Bathtubs are heavy items and removing them from their existing homes can be a challenging task. However, with a little know-how, you can safely and efficiently remove an old tub and install your new one without any additional cost or damage.
Before attempting to remove the old bathtub, make sure that it is fully disconnected from all of its water and drain lines. After that, have a helper take the tub by its flange and gently begin to pull it away from the wall. You may need to wiggle it back and forth as you pull it. Once it’s loose enough, use a pry bar to remove the remaining screws and nails fastening it to the wall.
When you’ve got the tub completely free, use a level to ensure that it is perfectly horizontal. Once it is, mark the wall where the top of the new bathtub will fall (or the rim). Make note of that location so you can easily attach the tub surround to it once it’s set down.
While you have the tub removed, clean the floor around it to make sure it’s free of mold and other debris that could be trapped underneath the tub. Also, at this point, you should patch the floor as needed to prepare it for the new tub.
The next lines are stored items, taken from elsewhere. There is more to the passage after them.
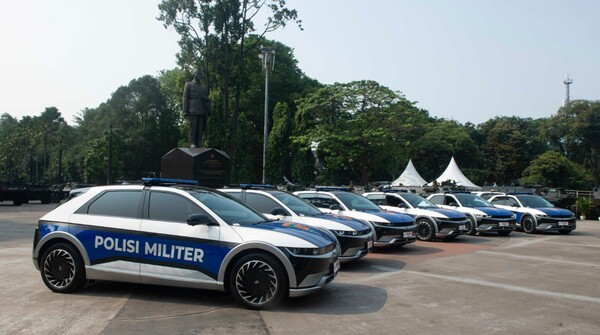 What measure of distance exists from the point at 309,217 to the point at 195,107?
27.6 ft

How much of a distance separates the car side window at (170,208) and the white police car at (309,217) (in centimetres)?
242

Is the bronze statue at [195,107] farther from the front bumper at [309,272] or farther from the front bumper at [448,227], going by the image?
the front bumper at [309,272]

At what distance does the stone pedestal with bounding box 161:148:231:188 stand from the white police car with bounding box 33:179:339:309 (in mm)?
7759

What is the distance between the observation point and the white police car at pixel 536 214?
59.7 feet

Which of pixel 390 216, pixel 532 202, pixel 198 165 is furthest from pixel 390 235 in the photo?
pixel 532 202

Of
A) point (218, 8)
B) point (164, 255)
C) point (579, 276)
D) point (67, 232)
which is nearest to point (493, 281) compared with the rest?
point (579, 276)

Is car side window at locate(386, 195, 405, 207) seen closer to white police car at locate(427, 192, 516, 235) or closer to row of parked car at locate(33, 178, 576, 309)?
white police car at locate(427, 192, 516, 235)

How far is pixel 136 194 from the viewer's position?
6.84 meters

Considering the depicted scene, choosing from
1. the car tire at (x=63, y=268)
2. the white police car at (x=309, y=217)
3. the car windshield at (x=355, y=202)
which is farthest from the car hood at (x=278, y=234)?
the car windshield at (x=355, y=202)

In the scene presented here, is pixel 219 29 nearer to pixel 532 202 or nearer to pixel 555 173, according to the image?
pixel 532 202

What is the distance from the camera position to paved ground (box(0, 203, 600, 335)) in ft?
17.9

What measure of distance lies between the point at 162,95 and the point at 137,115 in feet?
12.2

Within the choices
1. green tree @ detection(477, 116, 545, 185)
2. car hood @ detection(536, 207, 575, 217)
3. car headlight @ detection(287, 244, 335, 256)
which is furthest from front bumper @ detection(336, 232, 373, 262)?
green tree @ detection(477, 116, 545, 185)

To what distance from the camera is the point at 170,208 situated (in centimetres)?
661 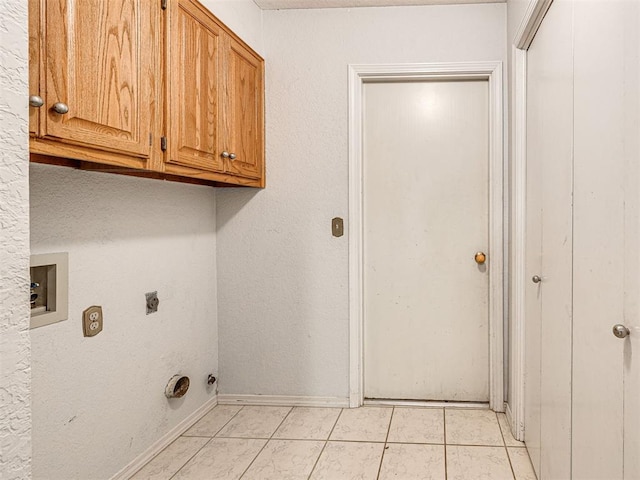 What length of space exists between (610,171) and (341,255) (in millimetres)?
1906

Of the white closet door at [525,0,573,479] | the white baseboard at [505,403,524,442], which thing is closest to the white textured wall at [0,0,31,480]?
the white closet door at [525,0,573,479]

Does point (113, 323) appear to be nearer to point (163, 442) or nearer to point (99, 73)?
point (163, 442)

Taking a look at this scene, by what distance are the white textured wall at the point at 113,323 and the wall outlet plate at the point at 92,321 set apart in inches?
0.9

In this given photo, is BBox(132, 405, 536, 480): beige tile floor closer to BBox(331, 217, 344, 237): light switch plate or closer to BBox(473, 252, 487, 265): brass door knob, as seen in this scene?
BBox(473, 252, 487, 265): brass door knob

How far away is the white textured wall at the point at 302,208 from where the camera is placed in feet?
10.2

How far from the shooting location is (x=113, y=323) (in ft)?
7.18

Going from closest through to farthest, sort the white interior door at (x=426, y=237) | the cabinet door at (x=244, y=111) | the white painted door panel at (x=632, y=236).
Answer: the white painted door panel at (x=632, y=236)
the cabinet door at (x=244, y=111)
the white interior door at (x=426, y=237)

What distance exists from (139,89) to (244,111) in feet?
3.57

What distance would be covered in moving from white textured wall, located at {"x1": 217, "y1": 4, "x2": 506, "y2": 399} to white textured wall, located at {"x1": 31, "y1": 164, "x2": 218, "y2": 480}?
0.29 meters

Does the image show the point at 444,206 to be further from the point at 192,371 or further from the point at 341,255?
the point at 192,371

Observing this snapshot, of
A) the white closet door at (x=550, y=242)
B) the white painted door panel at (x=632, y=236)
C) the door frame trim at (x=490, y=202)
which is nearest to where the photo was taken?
the white painted door panel at (x=632, y=236)

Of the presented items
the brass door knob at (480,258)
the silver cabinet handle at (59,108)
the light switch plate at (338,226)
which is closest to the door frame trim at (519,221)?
the brass door knob at (480,258)

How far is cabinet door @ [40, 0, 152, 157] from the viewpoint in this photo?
1.45 meters

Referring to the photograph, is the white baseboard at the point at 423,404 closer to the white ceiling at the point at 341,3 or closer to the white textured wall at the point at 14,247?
the white ceiling at the point at 341,3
If your old tub was not installed properly, the back wall where the flange is located should be framed to support the new tub. Make a mark on this wall at the top of the ledge where the new tub will rest, and then cut a 2×4 down to size to fit on the back wall (Photo 1). This will be called a stringer board and it will be used to support the new tub (Photo 2). For more information about tub installation, Bathtub Installation Sacramento can help you process with everything you need.
You will now need to screw this piece of framing into the studs that are holding the ledge where your new tub will be sitting. Use 2” coated exterior construction screws to do this. Before you attach this, check your tub manufacturer’s instructions for any nuances that may apply to the installation of their particular model (Photo 2).
Once the stringer is in place, go ahead and screw the new tub surround to it. Before you do, run a bead of clear or colored silicone caulk on the ledge of the tub where it meets the tile and push it into the gap. This will create a rubber seal and help to prevent the tub from moving on its own over time.
Once the caulk is dry, have a helper lift your tub by its flange and lower it to the floor. At this point, it’s a good idea to have your helper try running a full-water test to make sure that the new drain seals properly. If it doesn’t, you’ll need to re-caulk that area and double-check the drain.